Implementing a simple Artificial Neural Network using Tensorflow

Ever since Tensorflow was released by Google back in Nov-2015, I always wanted to get my hands dirty with it. Being very new to machine learning back then(I still am a noob), the documentation didn’t make much sense to me and having come from Caffe’s background, the way in which a network was described and trained didn’t make any sense either. I recently came across Stephen Welch’s video series Neural Networks Demystified and that inspired me to implement a simple artificial neural network. I choose to implement the same in Tensorflow. (What better way to overcome your fear than to actually face it..eh?)

So here is the problem statement and I’ll walk through the steps of implementing the same.

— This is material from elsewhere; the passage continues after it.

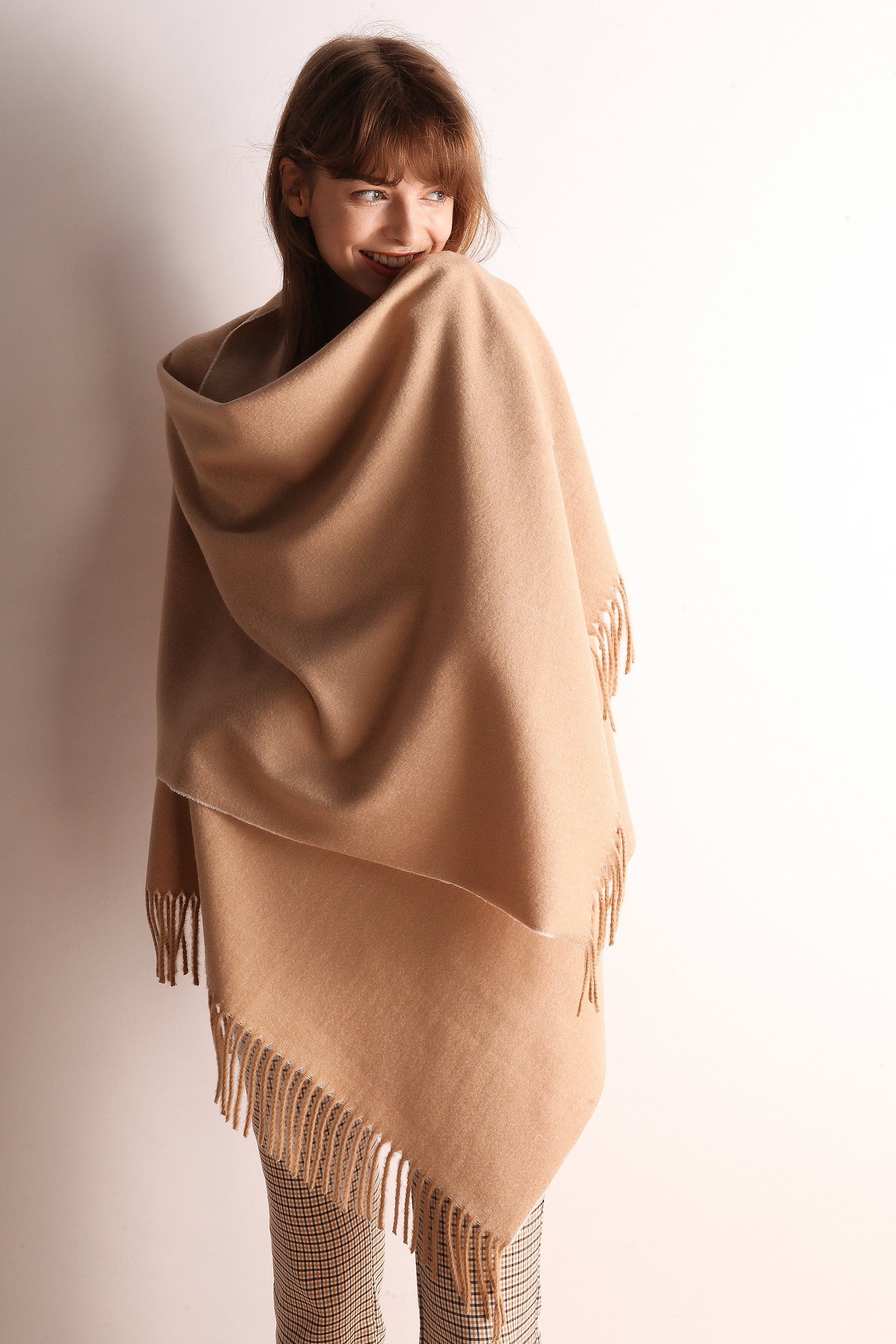 Minimalist Fringe Hem Scarf - Image 6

Problem: Model an OR gate using an ANN

Now, let’s see the truth table for an OR gate

Input Output
000
011
101
111

There are two inputs and one output. So our neural network should have two neurons in the input layer and one in the output layer. For simplicity let’s consider only one hidden layer with 3 neurons in it. Our neural network will look something like this: network

Let the input be represented by x and output with y. The training data is given below:

x_train = [[0,0], [0,1], [1,0], [1,1]]

y_train = [[0], [1], [1], [1]]

Our weights in first layer is represented in matrix of size 2x3:

W1 = [[w11,w12,w13], [w21,w22,w23]]

Second layer weights again can be represented in a matrix of dimension 3x1

W2 = [[w1, w2, w3]]

The output at first layer z1 is matrix multiplication of input x and weights W1. We will also apply activation function to our output. Activation functions are used to make our model non-linear so that we can fit complex data patterns. This Quora thread has nice explanation of activation functions. We will choose tanh or the hyberbolic tangent function as our activation function. It is represented as follows:

tanh

So, the first layer ouput can be written as: A1 = f(z1), where z1 = matmul(x, W1)

similarly, output of final layer y' = f(z2) where z2 = matmul(A1, W2)

We have represented out output as y' since it is the predicted output from the system and not the actual output.

We should then define our cost function which is a measure of how bad or good our system is. Our aim is to minimize the cost. We will choose our cost function as sum of the squared error for each training data. We will minimize the cost using the Gradient Descent method.

Once we have outlined our network and other considerations, it’s time for us to implement the same in Tensorflow.

import tensorflow as tf

x = tf.placeholder(tf.float32, [None, 2])
y = tf.placeholder(tf.float32)

W1 = tf.Variable(tf.random_normal([2,3]))
W2 = tf.Variable(tf.random_normal([3,1]))

Z1 = tf.matmul(x, W1)
A1 = tf.tanh(Z1)

Z2 = tf.matmul(A1, W2)
y_ = tf.tanh(Z2)

cost = 0.5 * tf.reduce_sum(tf.square(y_ - y), 1)

optimizer = tf.train.GradientDescentOptimizer(0.1)
train = optimizer.minimize(cost)

x_train = [[0, 0], [0, 1], [1, 0], [1, 1]]
y_train = [[0], [1], [1], [1]]

sess = tf.Session()
init = tf.global_variables_initializer()
sess.run(init)

print(sess.run(y_, {x:x_train}))
for i in range(10000):
    sess.run(train, {x:x_train, y:y_train})

print(sess.run(y_, {x:x_train}))

Written on July 31, 2017